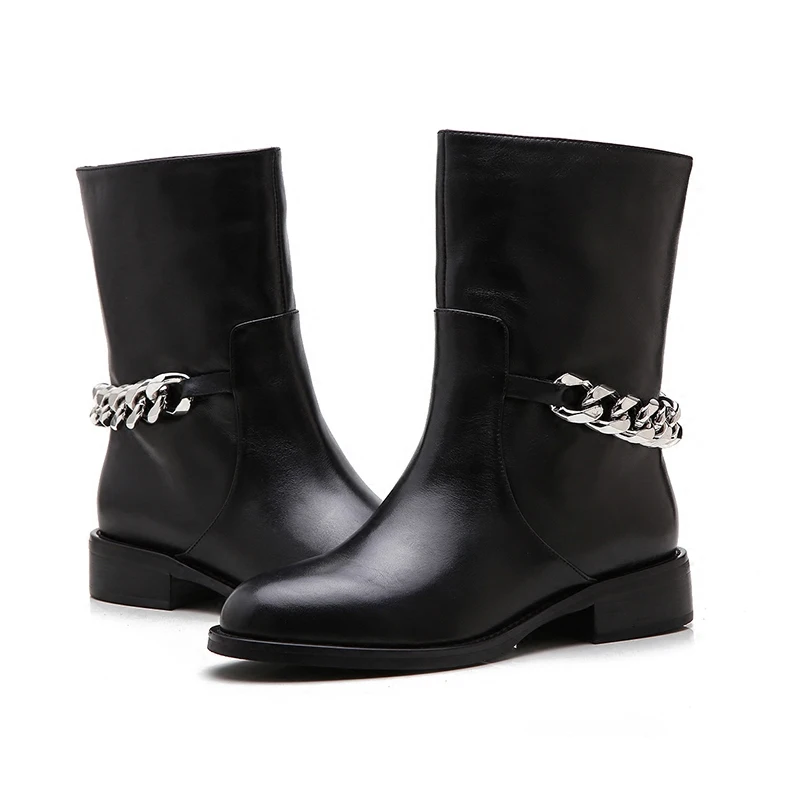 Alta Botas De Black Negro Leather Cadena Knight Cuero Mujeres Moda Redonda Real Punta Rodilla Ankle Espalda Botines black Zapatos 2018 Invierno Señora Mujer Long La xd6IXqX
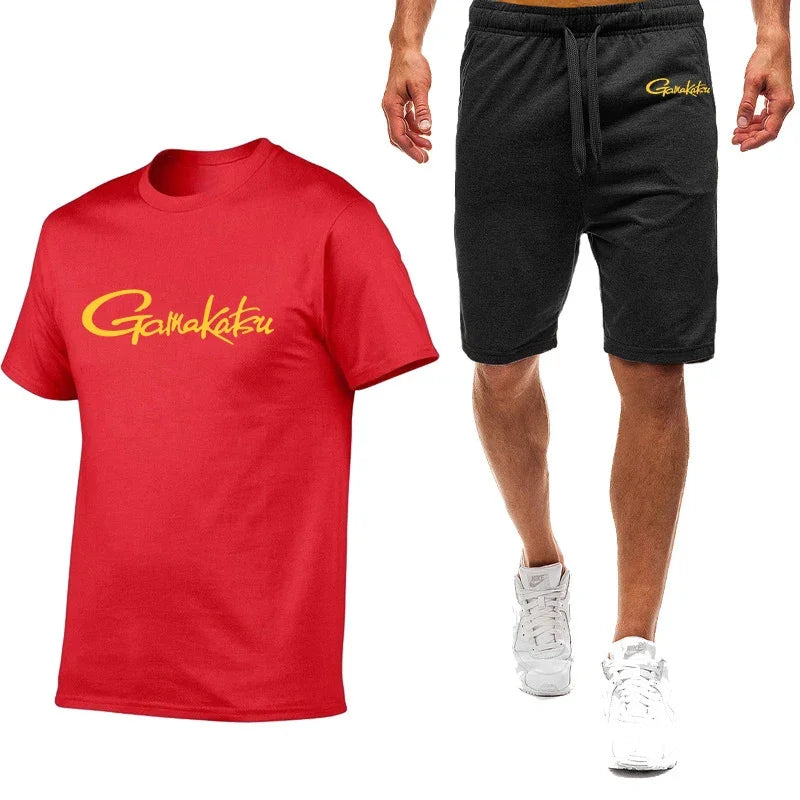 Gamakatsu Fishing 2024 homme impression Harajuku nouveau style neuf couleurs costume à manches courtes été T-Shirt Shorts décontractés ensemble 2 pièces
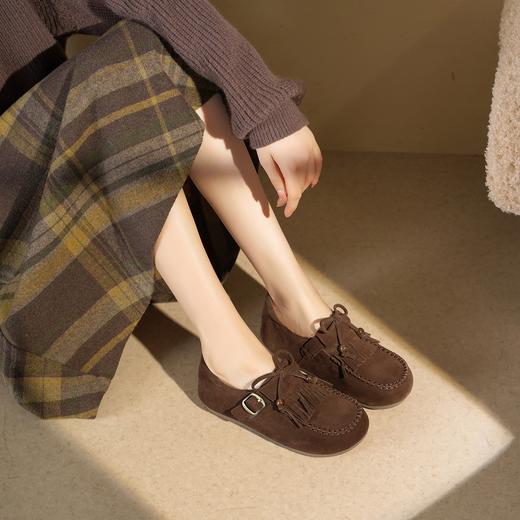 西村名物2025年秋季新款时尚流苏舒适平底深口鞋乐福鞋T25DM49381 商品图12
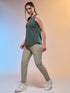 Women Solid Slim Fit Round Neck Tank Top with COTFLEX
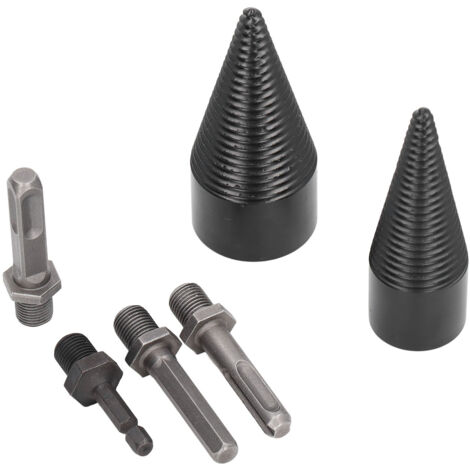 6 Pièces Cône Fendeur Bois 32mm 42mm Détachable avec Poignées pour Fendre Bûches de Chauffage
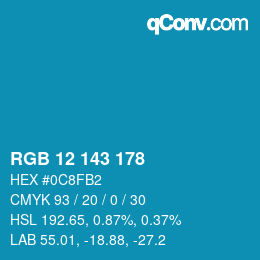 颜色代码: RGB 12 143 178 | qconv.com
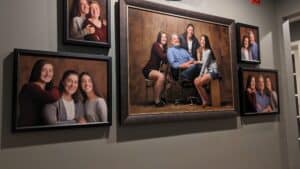 Family portrait collage done in studio of family with two teenagers
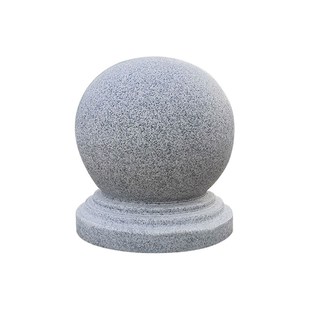 广场拦车石球路障圆球大门柱头石石头墩岗岩芝麻灰石墩子挡车石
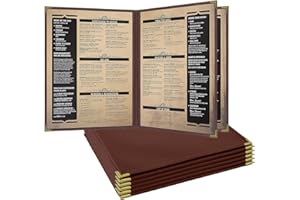 Goodsmart Pajco Style Restaurant Menu Covers – Pack of 10, Side-Loading Menu Holders, Single Stitched Edge, Clear Vinyl Menu Sleeves, Leatherette Trim, Gold Corners, Burgundy, 4 View (8.5" x 11")
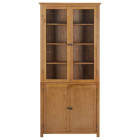 Bibliothèque avec 4 portes 90x35x200 cm bois de chêne et verre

::::

- **Exercise**
The data above holds the lines to copy: start at the one with "颜色代码: RGB 12 143 178 | qconv.com", stop at the one with "Goodsmart Pajco Style", include both, copy them exactly without pictures, and copy nothing else.

- **Task result**
 颜色代码: RGB 12 143 178 | qconv.com
 Family portrait collage done in studio of family with two teenagers
 广场拦车石球路障圆球大门柱头石石头墩岗岩芝麻灰石墩子挡车石
 Goodsmart Pajco Style Restaurant Menu Covers – Pack of 10, Side-Loading Menu Holders, Single Stitched Edge, Clear Vinyl Menu Sleeves, Leatherette Trim, Gold Corners, Burgundy, 4 View (8.5" x 11")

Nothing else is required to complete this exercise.